Há uma realidade aqui da qual o leigo jurídico não atina, mas que é de inescusável esquecimento para o jurista. O direito de ação – em grossas linhas, o direito de pedir que o Judiciário se manifeste sobre uma dada pretensão contra um outro sujeito de direito – não significa a procedência do direito alegado (da pretensão apresentada com a petição inicial). O mérito disto – saber quem tem razão: autor ou réu – somente será conhecido ao ensejo do julgamento final. A ação que alega uma pretensão ressarcitória, sob qualquer fundamento, em favor do erário é, enquanto exercício de direito de ação, apenas e tão-somente o pedido ao Judiciário que se manifeste sobre uma pretensão com esse conteúdo. No momento da apresentação da ação, quanto ao mérito da pretensão que ela envolve, autor e réu estão em posições símiles: não existe qualquer certeza jurídica sobre a procedência do quanto alegado.

O conceito de prescrição de ações justamente consiste em prever um prazo razoável durante o qual, mas não após, possa um sujeito de direito chamar um outro perante o Judiciário e mover este Judiciário a se manifestar sobre uma pretensão, que, no instante em que apresentada, é apenas e tão-somente um conjunto de alegações feitas por uma parte interessada (que é parcial – e não detentora da verdade jurídica a priori – seja quem for: Administração Pública, Ministério Público ou autor popular).

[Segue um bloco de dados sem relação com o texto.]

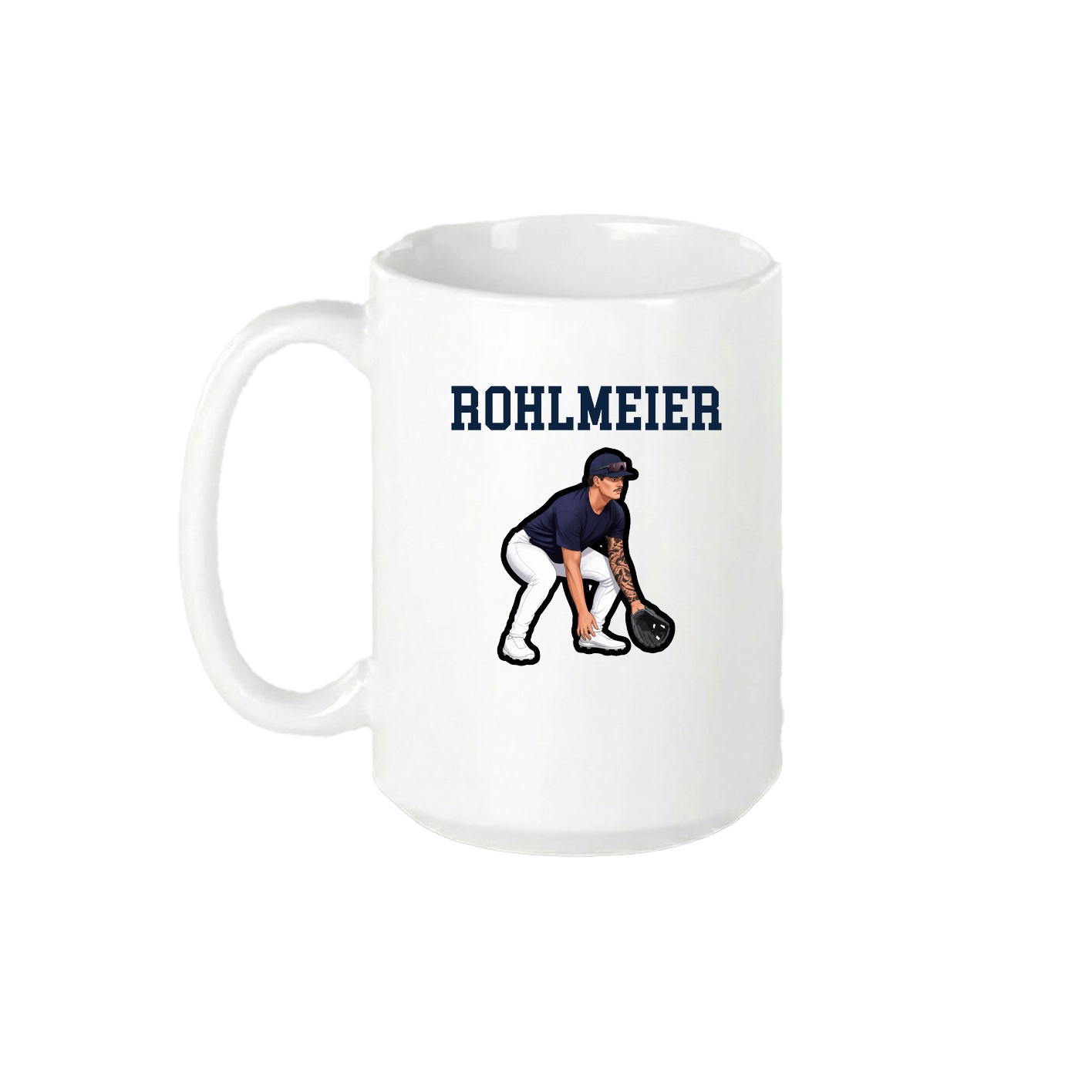 15oz Coffee Mug — Shirsey in White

Quando se diz, pois, que a ação prescreve, está-se dizendo que, de um lado, certas partes interessadas não mais podem provocar o Judiciário a se manifestar sobre um punhado de meras alegações (pretensão) suas, e, de outro, que aquele sujeito de direito contra quem seriam feitas essas alegações está livre de ter que manter um aparato documental eterno e recursos financeiros hábeis para se defender a qualquer momento que o conforto da Administração ou do Ministério Público ou o bel prazer do autor popular achem por bem convocá-lo perante o Judiciário.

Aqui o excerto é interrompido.